People read the commit mailing lists because that's the easiest way to quickly digest the changes that are made to the tree. If something catches your eye, you can quickly go from the mailing list to a diff to review the change. Because enough people do this and the attention level has reached critical mass, the commit list is the focal point for most of the technical/mechanical discussions.
>> And tons of code gets reviewed with many eyes viewing it as a
>> result. Unlike boost, FreeBSD uses an abridged commit message that
>> doesn't include the actual diff itself
> Do you mean that the message sent to the commit mailing list is
>> (if you're a committer, then you see the diffs to areas of the tree
>> that you subscribe to).
> Nifty; that keeps down the noise.
Indeed. At several hundred commits per day, managing the signal to noise ratio is an important part of the equation.
>> I can't stress the organizational difference and peer pressure a
>> widely used commit mailing list brings about.
If many eyes are watching a commit list and a discussion starts, relevant and interested parties are quick to respond to the technical merits/problems with a particular commit. Because of this self-policing and pressure to perform in front of your peers, the quality of commit messages is very high (as well as commits since reverts show up on the commit mailing list as well).
My gripe with git and all dcvs's is this frequent lack of a central review process and core community of reviewers. I forgot to mention, but in the case of the BSDs, if you have commit access, you are involuntarily subscribed to the commit mailing list.
>> Post-1.46 release fixes could go in to 1.46.0 and (heaven forbid),
>> maybe even a micro version with specific fixes for the .46 minor
> Sorry, I don't understand the above at all. How could post-1.46 stuff
> go into 1.46.0? 1.46 == 1.46.0! And I don't even grok the "micro
> version..." part enough know what questions to ask you about it. Care
> to try again?
No worries, I was in a bit of a hurry after I double tapped send.
Here's the significance of the tag/branch naming scheme in a boost hypothetical situation.
BOOST_1_CURRENT = trunk for Boost 1.X development (plans/criteria for a 2.0?)

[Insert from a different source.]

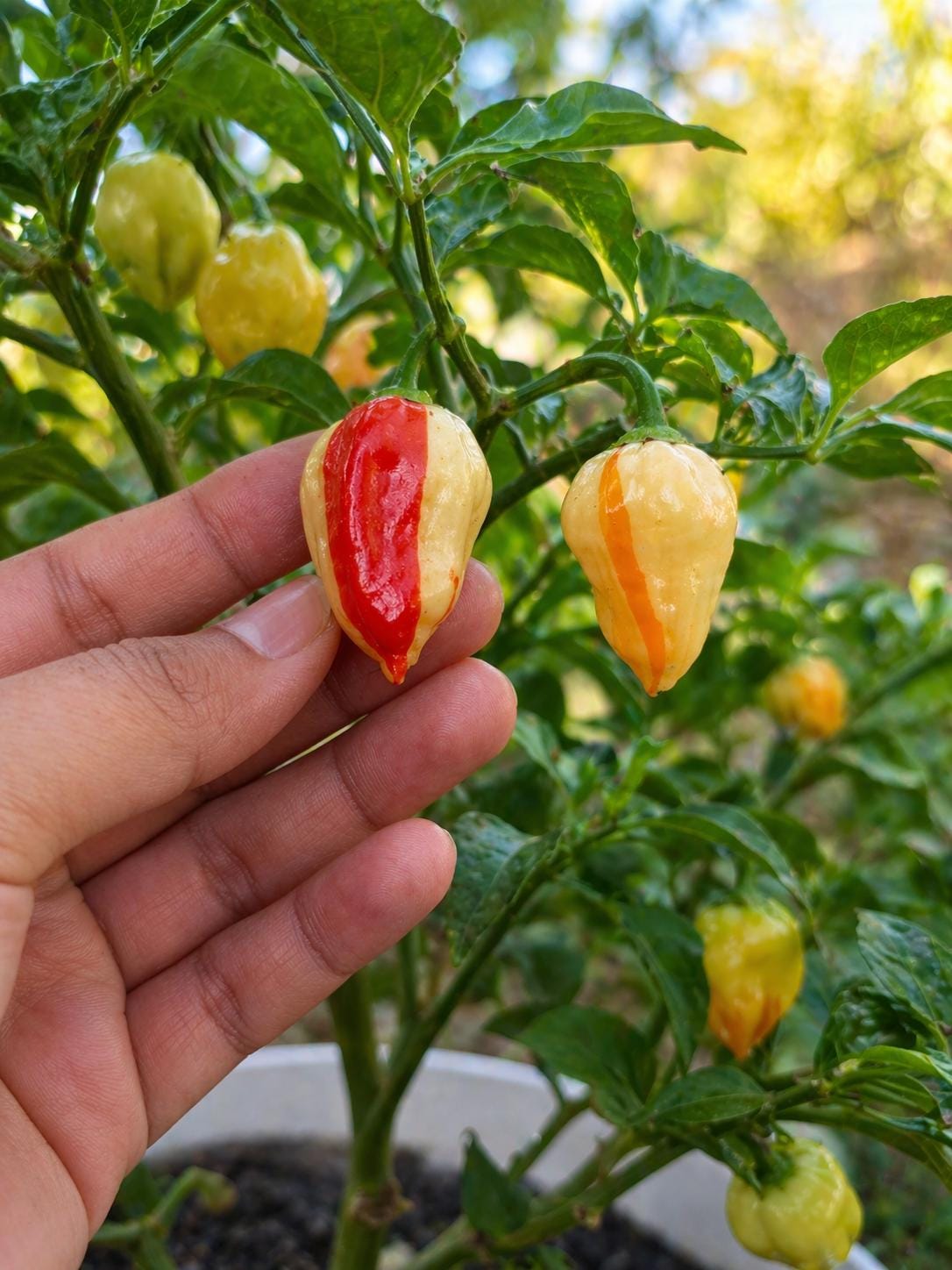 Red Hot Chili Peppa - Etsy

BOOST_1_STABLE = the branch that will have the next release (e.g. 1.47.0). There isn't much in the way of API stability that needs to be maintained atm, but if there were, a BOOST_2_CURRENT with incompatible APIs from BOOST_1_CURRENT would probably need a head vs production branch.
BOOST_1_46 = re@ has branched BOOST_1_CURRENT to create BOOST_1_46 to get the tree in shape for a release. The only commits allowed to go in at this time are commits that pertain to stabilizing the release and getting tests to pass.
BOOST_1_46_0 = re@ has shipped the 1.46.0 release. This branch is now managed by security-officer@ and to a lesser degree the re@ team.
BOOST_1_46_1 = A branch/tag that security-officer@ creates once there is a reason to release an updated release of 1.46.0. 1.46.0 to 1.46.1 is required to be API compatible. In the case of the BSDs, all minor and micro versions are required to be ABI compatible (which is why gcc in the base system only gets updated in the BSDs along major release numbers).
Is that a better explanation?
>> PostgreSQL ships with a contrib/ directory of "soon to be" or
>> "possible candidates for being a core component" which serves the
>> same purpose as FreeBSD's ports structure. This gets yet-to-be
>> finalized modules out in the wild and helps garner interest.
> having a contrib/ directory is an interesting idea for Boost. That'd
> be very different from the sandbox. But who's responsible for
> maintaining that code?
Whoever's the review manager and the review manager's mentee who originally wrote the module.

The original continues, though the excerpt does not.